_Dataset content_
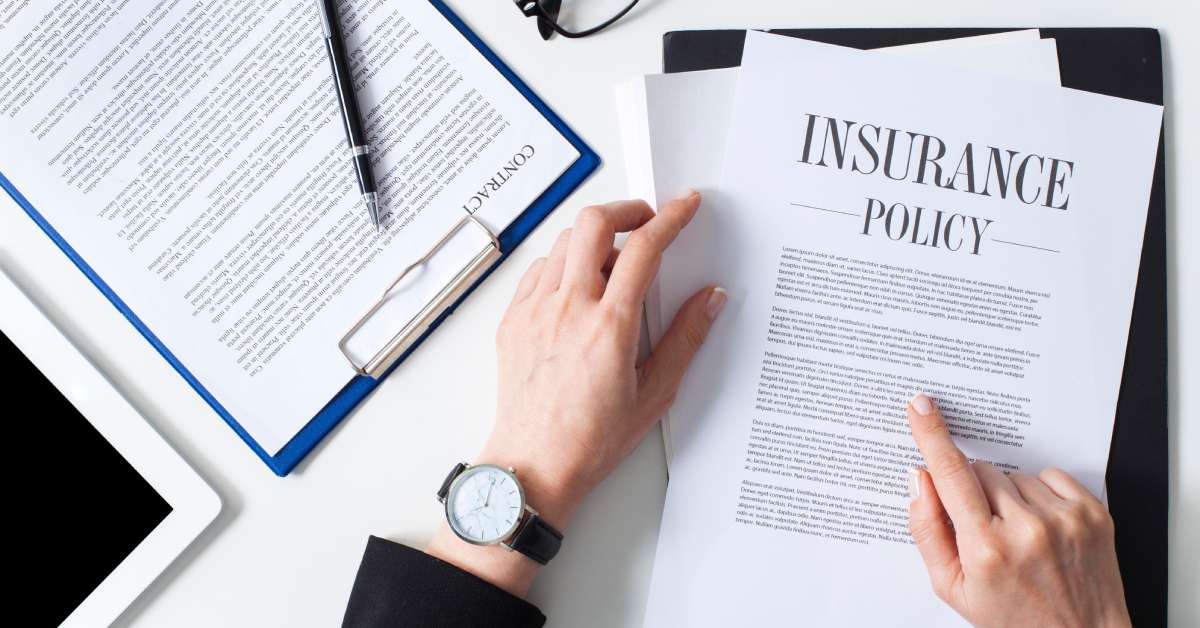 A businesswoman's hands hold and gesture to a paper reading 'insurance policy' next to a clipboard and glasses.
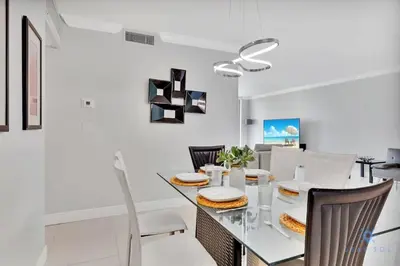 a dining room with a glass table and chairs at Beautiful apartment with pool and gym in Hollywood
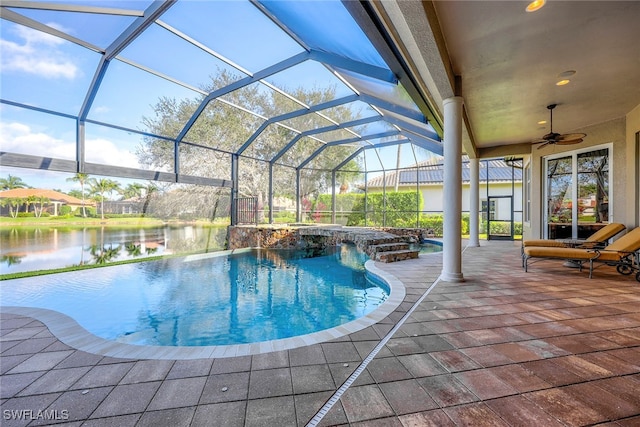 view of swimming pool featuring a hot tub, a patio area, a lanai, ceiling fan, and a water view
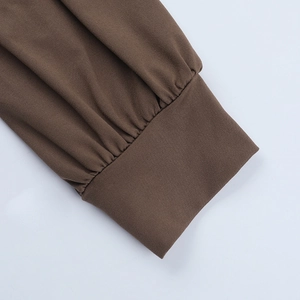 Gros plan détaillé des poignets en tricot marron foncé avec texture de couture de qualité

_What you need to do_
Nothing but the pictures should be left out when the material above is copied.

_Exercise solution_
 A businesswoman's hands hold and gesture to a paper reading 'insurance policy' next to a clipboard and glasses.
 a dining room with a glass table and chairs at Beautiful apartment with pool and gym in Hollywood
 view of swimming pool featuring a hot tub, a patio area, a lanai, ceiling fan, and a water view
 Gros plan détaillé des poignets en tricot marron foncé avec texture de couture de qualité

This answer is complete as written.